In this world many conflicts are grounded in historically unending disputes.

Israel and Palestine, the republic of the Congo and Rwanda, China and the Tibetans, Palestine and Israel, and now the Syrian civil war.

Gross inequities, brutal genocides, on-going land disputes, and horrific forms of religious persecution have driven centuries of hate, which culminate in recurring acts of war and mass murder. Most dramatically, ongoing hate breeds the inability to hope for a better world.

Cultural relationships framed by historical grievances  have the added disadvantage of being shaped by group consensus processes where leaders are chosen based on their ability to speak to the pain felt by the group and the first urge is always to organize for revolution.

Advocating for peaceful ends through attempts at reconciliation is the last thought of the day, but it is the only hope for sustainable peace.

When we consider the four components of reconciliation identified by John Paul Lederach — truth, justice, mercy, and peace – mercy does not include the act of forgiveness.

Yet, it is the power of forgiveness that transforms us  beyond what mercy can accomplish, such as the act of forgiving and allowing an offender, even a murderer, to live.

Forgiveness in this fashion requires intense introspection, a willingness to consider why we feel hate so deeply and what is driving those feelings. When we choose to forgive we also contemplate the immortal struggle between good and evil and we choose to take a path that aspires toward benevolent actions and generosity of spirit.

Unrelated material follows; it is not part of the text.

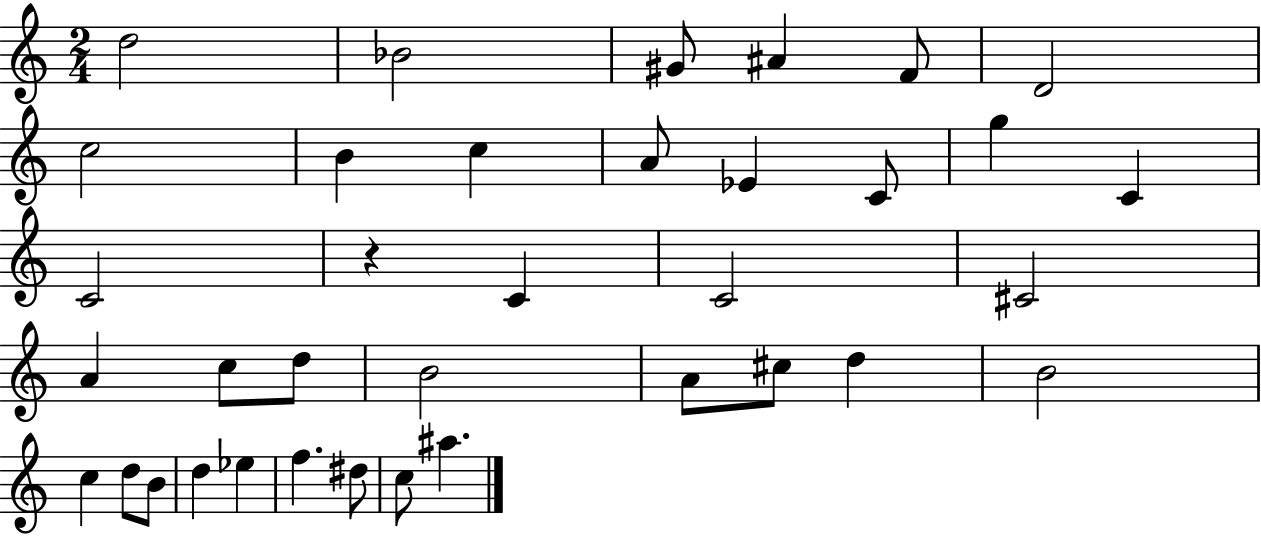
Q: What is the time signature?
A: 2/4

If we achieve it, we choose to be better than what we were before the digression and act of violence occurred.

The act of forgiveness is much more powerful because it can rise above the spirit of mercy and inspire the act of love. In the process of forgiving we are moved to let go of our deep and internalized anger, and we begin to see the other as a human being once again.

In this way, forgiveness is perhaps the highest form of grace, because it inspires us to see and live life in a new light.

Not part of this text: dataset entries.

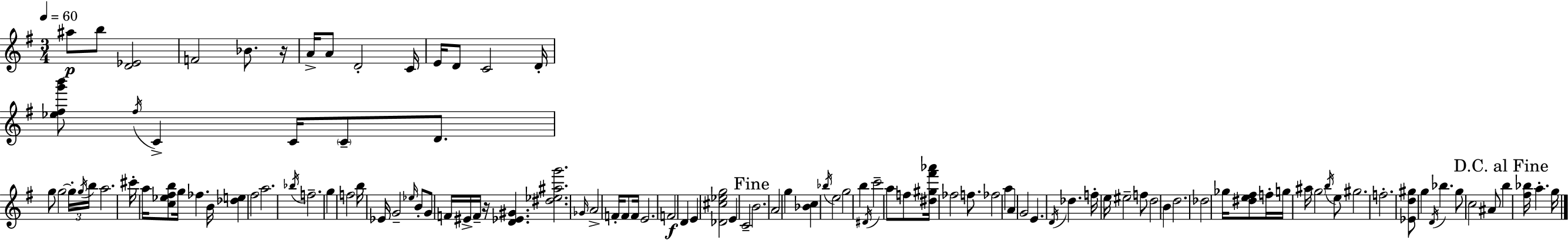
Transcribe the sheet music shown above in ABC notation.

X:1
T:Untitled
M:3/4
L:1/4
K:Em
^a/2 b/2 [D_E]2 F2 _B/2 z/4 A/4 A/2 D2 C/4 E/4 D/2 C2 D/4 [_e^fg'b']/2 ^f/4 C C/4 C/2 D/2 g/2 g2 g/4 g/4 b/4 a2 ^c'/4 a/4 [c_e^fb]/2 g/4 _f B/4 [_de] ^f2 a2 _b/4 f2 g f2 b/4 _E/4 G2 _e/4 B/2 G/2 F/4 ^E/4 F/4 z/4 [D_E^G] [^d_e^ag']2 _G/4 A2 F/4 F/2 F/4 E2 F2 D E [_D^c_eg]2 E C2 B2 A2 g [_Bc] _b/4 e2 g2 b ^D/4 c'2 a/2 f/2 [^d^g^f'_a']/4 _f2 f/2 _f2 a A G2 E D/4 _d f/4 e/4 ^e2 f/2 d2 B d2 _d2 _g/4 [^de^f]/2 f/4 g/4 ^a/4 g2 b/4 e/2 ^g2 f2 [_Ed^g]/2 g D/4 _b g/2 c2 ^A/2 b [^f_b]/4 a g/4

In times of war, forgiveness is the last thing on our consciousness as we see others suffer unfairly and unjustly.

It is rare and fleeting to find forgiveness in the face of an enemy.

The desire to revolt and hurt another that has hurt us is the easier course to take. Anger is in itself addictive because it allows us to release the intensity of pain and loss.  Moving beyond anger is so very difficult whenever are losses are profound. Imagine the pain of loosing a loved one, a child, a parent – the people you love most in life. It is almost superhuman to think you can move beyond this type of pain. The courage to trust again is indeed a super-human feat.

Likewise, the act of nurturing the spirit of forgiveness in our leaders  is difficult because it displaces the desire to raise up those who can give a name to our anger and hysteria. In our own 21st century American landscape, would Mahatma Gandhi have achieved national prominence if he had advocated for the forgiveness of Al Qaida? Probably not because our leaders have instead chosen to breed a climate of fear and distrust with no focus on understanding why violence has occurred in the first place.

Martin Luther King Jr., perhaps America’s greatest architect of peace and social justice, was targeted as a terrorist by the government and labeled as a “terrorist” which in no doubt led to his death. But his passionate embrace of a “beloved community,” despite his unfair and unjust treatment by the government, still resonates with us today.

In these times of terrorist acts, intrusions on privacy, and preemptive deceptions, to move beyond hate towards a path of forgiveness and then trust once again, is perhaps the greatest heroic act that any one of us can achieve in a lifetime. An act which most likely will lead to lives lost for those who choose not to bear or produce arms, to not hate their neighbors, or to promulgate distrust of the enemy.

In truth, in any power struggle, historically only an elite and uncaring few benefit from the suffering of the masses.

Yet, the conflict is too often painted to be a deep and cultural dispute among people who unfortunately have no control over their own fates and must rely on the minimalist handouts for those in a desperate struggle for day-to-day survival. Choosing to fight for the next meal is much more likely to occur then choosing to forgive.

In this atmosphere of fear and violence there are few opportunities for inviting reconciliation, forgiveness and the opportunity to love the enemy.

Perhaps one way that we can help build this new way of relating to each other is to raise up the great architects of peace that have emulated these loving acts in their own lives. Honor their sacrifices and remember them for their deep love of humanity.

The greatest good is always accomplished by the greatest sacrifice.

Sacrifice in your own daily life for the good of the other can create a better world at the grassroots level. Look for opportunities to forgive and ways to build new opportunities for friendships with those that we once imagined to be our enemies.

Build and share a language that is devoid of competition and war. Choose the words “forgive others” over the words “retribution and revolution” at all possible times.

These are challenging times, look for the light and love in each person that you encounter.

It is good to understand that we are all flawed human beings – we make mistakes over and over again and we face ongoing difficulties and failures – yet we have the capacity to be resilient and loving, and to lift up others who are suffering and in pain as well.

There is nothing more inspiring than the words to “love your enemy as we hope to love ourselves.”